We are delighted to announce Chanel Sutherland as the overall winner of the 2025 Commonwealth Short Story Prize.
Chanel, born in Saint Vincent and the Grenadines and living in Montreal, Canada, saw off 7,920 entrants worldwide to take the £5,000 prize. In her powerful winning story, ‘Descend’, enslaved Africans share their life stories as the ship transporting them sinks.
The news was announced at an online award ceremony, presented by Rwandan performing artist and storyteller, Malaika Uwamahoro. The ceremony featured this year’s regional winners: Joshua Lubwama (Uganda, Africa region), Faria Basher (Bangladesh, Asia region), Subraj Singh (Guyana, Caribbean region), and Kathleen Ridgwell (Australia, Pacific region). All five regional winners spoke about their writing and read short extracts from their stories.
In ‘Descend’, as a slave ship sinks, one of the enslaved Africans starts telling a story of the wife he has left behind. In the darkness, others join in. Springing vividly to life, the men and women tell their own stories—of love, family and the worlds from which they had been brutally removed.
The five stories are also available in a special print collection from Paper + Ink.
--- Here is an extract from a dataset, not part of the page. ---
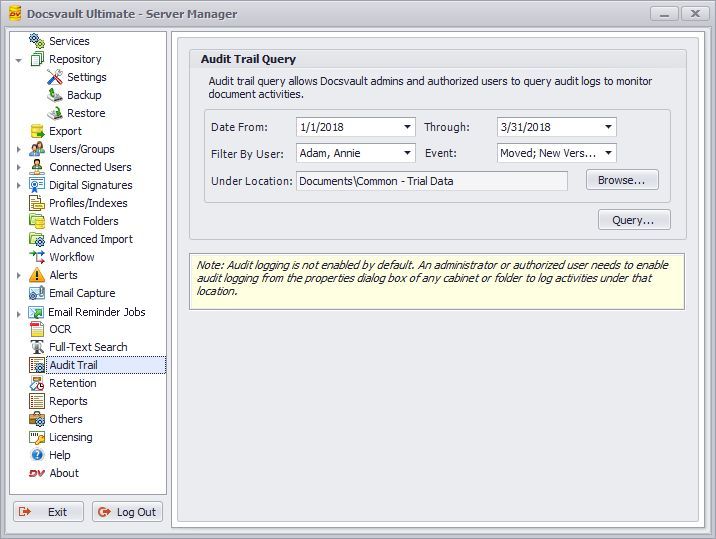 Audit Trail Query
‘My love for storytelling began before I even fully understood what a story was—I only knew they made me feel something, and I wanted to make others feel it too. Back in Saint Vincent, I used to scrawl my earliest stories into the sand in our yard, knowing they’d be washed away by rain or footsteps. Winning feels deeply affirming—as if that little girl scribbling in the sand was always right to believe that stories mattered.’
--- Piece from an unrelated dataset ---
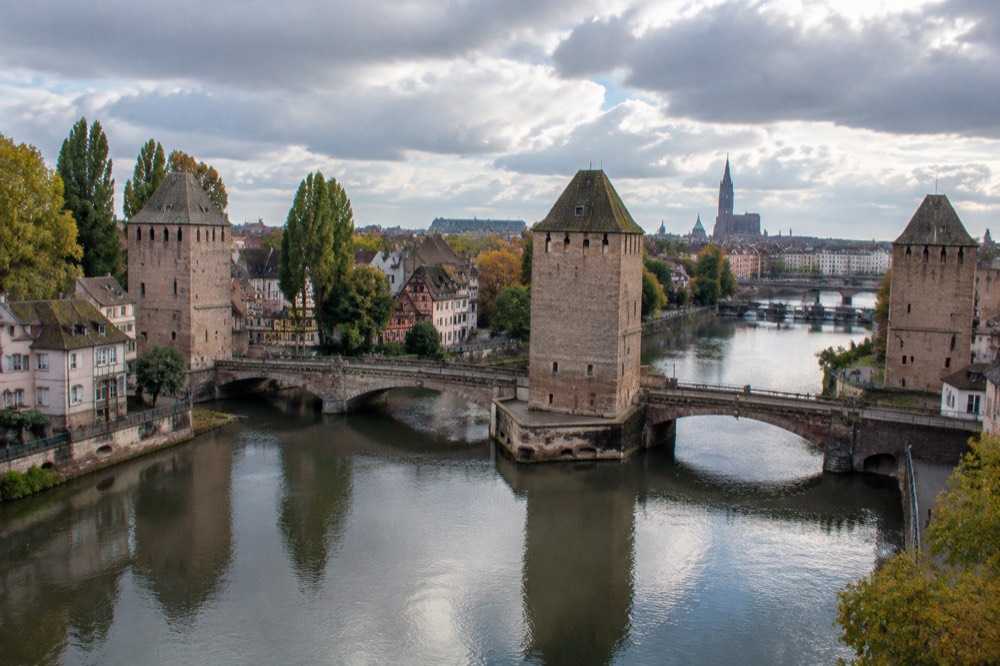 The Covered Bridges and Barrage Vauban seen across the Ill in Strasbourg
‘I took a risk with “Descend”—its shape, its voices—because I believed every enslaved person deserves to have their story told with dignity. I can’t tell all the stories, or restore the lives that were stolen, but I’m humbled that this one resonates.’
– Chanel Sutherland
‘Told in the quiet voice of a seer, “Descend” is deep and profound. It tells the story of slaves packed like sardines in the hull of a sinking ship, an allegory that affirms the unrivalled power of storytelling to set our spirits free and find hope where none exists.’